Task directions:
Please give the number of lines in the material below that contain "taking", and provide nothing besides that number.

Dataset excerpts:
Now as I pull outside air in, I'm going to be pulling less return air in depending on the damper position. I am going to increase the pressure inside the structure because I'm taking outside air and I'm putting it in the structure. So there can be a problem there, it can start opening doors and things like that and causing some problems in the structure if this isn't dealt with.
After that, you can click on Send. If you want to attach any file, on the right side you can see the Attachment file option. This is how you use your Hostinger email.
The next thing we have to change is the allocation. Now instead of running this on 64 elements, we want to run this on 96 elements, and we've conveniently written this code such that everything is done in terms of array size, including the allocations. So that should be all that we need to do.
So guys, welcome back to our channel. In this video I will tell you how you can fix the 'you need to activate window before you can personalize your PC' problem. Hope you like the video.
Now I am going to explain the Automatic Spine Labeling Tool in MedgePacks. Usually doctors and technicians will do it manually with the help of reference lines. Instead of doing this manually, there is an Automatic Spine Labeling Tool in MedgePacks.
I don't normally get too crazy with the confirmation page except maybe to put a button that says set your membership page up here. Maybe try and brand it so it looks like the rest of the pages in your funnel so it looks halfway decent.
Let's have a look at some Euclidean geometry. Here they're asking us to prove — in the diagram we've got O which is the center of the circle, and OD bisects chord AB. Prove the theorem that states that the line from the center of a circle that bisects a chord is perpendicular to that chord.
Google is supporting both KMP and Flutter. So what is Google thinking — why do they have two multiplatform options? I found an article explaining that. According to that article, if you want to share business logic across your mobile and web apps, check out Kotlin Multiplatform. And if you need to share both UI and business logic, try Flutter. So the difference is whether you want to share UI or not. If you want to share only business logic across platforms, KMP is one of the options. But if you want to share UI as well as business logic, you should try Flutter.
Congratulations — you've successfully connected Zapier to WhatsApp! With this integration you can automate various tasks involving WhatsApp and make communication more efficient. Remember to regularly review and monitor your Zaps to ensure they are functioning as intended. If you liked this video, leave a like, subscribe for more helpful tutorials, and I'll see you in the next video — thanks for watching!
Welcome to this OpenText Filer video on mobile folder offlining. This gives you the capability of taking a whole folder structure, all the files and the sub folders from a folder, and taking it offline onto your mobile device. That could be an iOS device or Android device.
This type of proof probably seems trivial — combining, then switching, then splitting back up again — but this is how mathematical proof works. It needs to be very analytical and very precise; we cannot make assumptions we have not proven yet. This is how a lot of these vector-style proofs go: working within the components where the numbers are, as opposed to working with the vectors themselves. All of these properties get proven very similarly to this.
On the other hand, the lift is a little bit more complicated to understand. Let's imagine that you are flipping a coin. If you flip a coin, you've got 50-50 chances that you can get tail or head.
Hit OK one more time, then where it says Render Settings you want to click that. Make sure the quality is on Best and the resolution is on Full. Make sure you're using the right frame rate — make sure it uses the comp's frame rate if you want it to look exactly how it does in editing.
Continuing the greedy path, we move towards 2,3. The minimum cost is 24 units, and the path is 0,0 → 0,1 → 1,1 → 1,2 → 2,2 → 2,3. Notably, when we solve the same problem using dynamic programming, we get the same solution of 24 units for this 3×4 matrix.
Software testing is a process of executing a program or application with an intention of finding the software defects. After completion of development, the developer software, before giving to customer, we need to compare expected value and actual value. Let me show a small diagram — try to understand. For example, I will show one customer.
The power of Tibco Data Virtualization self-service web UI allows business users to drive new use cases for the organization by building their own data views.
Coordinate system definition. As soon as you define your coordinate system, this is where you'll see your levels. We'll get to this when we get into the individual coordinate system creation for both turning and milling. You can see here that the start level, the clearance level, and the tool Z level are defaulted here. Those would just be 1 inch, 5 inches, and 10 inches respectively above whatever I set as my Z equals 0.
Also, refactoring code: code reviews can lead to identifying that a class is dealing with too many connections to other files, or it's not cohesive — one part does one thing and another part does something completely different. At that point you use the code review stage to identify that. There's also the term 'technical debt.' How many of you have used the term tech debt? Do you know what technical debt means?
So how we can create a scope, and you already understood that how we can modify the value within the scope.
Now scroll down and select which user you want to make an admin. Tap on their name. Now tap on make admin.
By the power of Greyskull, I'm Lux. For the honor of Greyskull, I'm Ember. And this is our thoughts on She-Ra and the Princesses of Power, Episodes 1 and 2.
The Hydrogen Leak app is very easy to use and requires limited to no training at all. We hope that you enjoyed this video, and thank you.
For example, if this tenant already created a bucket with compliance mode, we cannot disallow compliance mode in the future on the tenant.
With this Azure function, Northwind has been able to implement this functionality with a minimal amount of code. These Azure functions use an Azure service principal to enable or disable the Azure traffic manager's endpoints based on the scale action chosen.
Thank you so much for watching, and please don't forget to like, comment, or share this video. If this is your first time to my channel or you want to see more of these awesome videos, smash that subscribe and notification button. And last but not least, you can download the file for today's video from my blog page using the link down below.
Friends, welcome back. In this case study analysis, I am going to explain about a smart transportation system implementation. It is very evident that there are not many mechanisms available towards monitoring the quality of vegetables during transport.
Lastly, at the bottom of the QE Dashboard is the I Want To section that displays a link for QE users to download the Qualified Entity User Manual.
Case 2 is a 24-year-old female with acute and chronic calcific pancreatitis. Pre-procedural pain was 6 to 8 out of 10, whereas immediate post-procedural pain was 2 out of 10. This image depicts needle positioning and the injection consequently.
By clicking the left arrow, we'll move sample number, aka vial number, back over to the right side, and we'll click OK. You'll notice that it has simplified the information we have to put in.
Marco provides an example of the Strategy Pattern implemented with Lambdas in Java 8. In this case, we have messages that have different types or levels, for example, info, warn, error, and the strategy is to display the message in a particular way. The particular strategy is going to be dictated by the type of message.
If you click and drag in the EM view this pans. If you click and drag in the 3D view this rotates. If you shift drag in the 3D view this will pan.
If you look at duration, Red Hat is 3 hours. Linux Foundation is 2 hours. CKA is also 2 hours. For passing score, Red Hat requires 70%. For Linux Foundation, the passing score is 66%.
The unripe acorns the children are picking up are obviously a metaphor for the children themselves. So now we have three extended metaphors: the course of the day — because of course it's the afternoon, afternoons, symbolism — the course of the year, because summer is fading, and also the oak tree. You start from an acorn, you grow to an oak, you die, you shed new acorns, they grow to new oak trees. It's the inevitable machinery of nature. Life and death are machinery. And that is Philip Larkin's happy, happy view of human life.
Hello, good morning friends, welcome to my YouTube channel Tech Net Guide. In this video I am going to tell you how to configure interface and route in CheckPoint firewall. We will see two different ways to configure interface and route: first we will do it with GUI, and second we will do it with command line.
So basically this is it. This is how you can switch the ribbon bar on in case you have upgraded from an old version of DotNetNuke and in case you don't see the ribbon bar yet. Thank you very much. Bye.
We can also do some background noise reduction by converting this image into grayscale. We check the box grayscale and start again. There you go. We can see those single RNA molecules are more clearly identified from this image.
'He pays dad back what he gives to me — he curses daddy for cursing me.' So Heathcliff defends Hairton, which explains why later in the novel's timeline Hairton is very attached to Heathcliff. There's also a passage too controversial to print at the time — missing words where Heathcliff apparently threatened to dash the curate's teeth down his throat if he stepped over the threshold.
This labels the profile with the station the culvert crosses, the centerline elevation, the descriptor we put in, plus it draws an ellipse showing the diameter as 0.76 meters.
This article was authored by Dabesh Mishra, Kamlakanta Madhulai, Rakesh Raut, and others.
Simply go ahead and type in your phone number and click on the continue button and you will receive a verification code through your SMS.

Worked solution:
2